Observational Limits on Patchy Reionization: Implications for B-modes

TL;DR

This paper provides the first empirical constraints on small-scale reionization optical depth fluctuations and their impact on B-mode polarization, with implications for detecting primordial gravitational waves.

Contribution

It introduces observational bounds on reionization patchiness and B-modes at arcminute scales, linking these to the size of ionizing regions and gravitational wave detection.

Findings

Optical depth fluctuations are limited to a few percent of the mean.

B-modes from patchy reionization are bounded and can exceed lensing if ionized regions are large.

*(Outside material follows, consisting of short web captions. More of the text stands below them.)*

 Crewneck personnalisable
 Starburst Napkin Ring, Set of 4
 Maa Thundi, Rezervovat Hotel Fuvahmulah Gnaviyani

Current bounds suggest ionized regions are smaller than 200 Mpc, affecting gravitational wave searches.

Abstract

The recent detection of secondary CMB anisotropy by the South Pole Telescope places a conservative bound on temperature fluctuations from the optical depth-modulated Doppler effect of T_{3000} < sqrt{13} microK at multipoles l~3000. This bound is the first empirical constraint on reionization optical depth fluctuations at arcminute scales, tau_{3000} = 0.001 T_{3000}/microK, implying that these fluctuations are no more than a few percent of the mean. Optical depth modulation of the quadrupole source to polarization generates B-modes that are correspondingly bounded as B_{3000} = 0.003 T_{3000}. The maximal extrapolation to the l~100 gravitational wave regime yields B_{100} = 0.1 T_{3000} and remains in excess of gravitational lensing if the effective comoving size of the ionizing regions is R > 80 Mpc. If patchy reionization is responsible for much of the observed arcminute scale temperature fluctuations, current bounds on B_{100} already require R < 200 Mpc and can be expected to improve rapidly. Frequency separation of thermal Sunyaev-Zel'dovich contributions to the measured secondary anisotropy would also substantially improve the limits on optical depth fluctuations and B-modes from reionization.